WORK TASK: In the listing below, start your output at the line with "Clip-in Echthaar Extensions" and end it after the line with "Chiffon Patchwork High-Waisted A-Line Skirt", copying every line exactly.

DATA UNDER STUDY:
- - -
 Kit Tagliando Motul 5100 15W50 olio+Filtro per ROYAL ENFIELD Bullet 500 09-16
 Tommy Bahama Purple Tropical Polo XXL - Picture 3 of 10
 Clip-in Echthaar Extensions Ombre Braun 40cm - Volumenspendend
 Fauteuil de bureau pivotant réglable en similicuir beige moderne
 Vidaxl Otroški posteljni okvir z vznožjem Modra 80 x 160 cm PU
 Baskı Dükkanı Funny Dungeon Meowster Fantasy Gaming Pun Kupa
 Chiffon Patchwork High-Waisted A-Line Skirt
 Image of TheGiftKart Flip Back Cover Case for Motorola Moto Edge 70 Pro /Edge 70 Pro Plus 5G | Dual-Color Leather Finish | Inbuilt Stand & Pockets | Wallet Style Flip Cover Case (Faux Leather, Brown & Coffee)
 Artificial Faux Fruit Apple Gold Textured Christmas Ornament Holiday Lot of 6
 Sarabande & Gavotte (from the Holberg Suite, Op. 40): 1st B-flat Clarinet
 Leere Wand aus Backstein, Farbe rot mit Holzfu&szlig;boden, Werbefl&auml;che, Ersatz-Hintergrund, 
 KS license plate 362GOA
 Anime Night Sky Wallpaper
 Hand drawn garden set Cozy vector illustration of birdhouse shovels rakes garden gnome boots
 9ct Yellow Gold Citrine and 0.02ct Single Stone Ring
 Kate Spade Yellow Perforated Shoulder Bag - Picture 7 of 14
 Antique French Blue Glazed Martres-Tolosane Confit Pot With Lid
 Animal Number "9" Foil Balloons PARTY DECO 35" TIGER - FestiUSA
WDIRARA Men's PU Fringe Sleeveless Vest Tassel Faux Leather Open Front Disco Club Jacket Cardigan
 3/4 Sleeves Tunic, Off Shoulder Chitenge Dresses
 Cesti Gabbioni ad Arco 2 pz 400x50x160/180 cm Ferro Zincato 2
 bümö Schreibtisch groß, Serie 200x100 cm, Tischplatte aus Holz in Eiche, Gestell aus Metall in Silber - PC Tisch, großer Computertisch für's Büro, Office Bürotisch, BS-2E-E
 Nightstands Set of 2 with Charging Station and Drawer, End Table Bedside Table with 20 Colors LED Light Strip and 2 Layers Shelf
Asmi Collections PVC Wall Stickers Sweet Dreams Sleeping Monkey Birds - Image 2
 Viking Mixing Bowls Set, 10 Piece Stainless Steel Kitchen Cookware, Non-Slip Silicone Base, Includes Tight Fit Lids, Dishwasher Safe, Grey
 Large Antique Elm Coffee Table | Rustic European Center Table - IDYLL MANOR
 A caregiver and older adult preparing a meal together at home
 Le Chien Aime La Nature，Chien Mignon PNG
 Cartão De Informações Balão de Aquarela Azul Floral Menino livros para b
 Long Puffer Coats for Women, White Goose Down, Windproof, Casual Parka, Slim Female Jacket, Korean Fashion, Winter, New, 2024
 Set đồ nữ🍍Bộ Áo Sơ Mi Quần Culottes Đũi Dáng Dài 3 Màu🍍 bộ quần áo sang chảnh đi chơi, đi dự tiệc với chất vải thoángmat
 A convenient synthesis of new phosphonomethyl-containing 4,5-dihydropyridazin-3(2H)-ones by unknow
- - -
ANSWER TO THIS PROBLEM:
 Clip-in Echthaar Extensions Ombre Braun 40cm - Volumenspendend
 Fauteuil de bureau pivotant réglable en similicuir beige moderne
 Vidaxl Otroški posteljni okvir z vznožjem Modra 80 x 160 cm PU
 Baskı Dükkanı Funny Dungeon Meowster Fantasy Gaming Pun Kupa
 Chiffon Patchwork High-Waisted A-Line Skirt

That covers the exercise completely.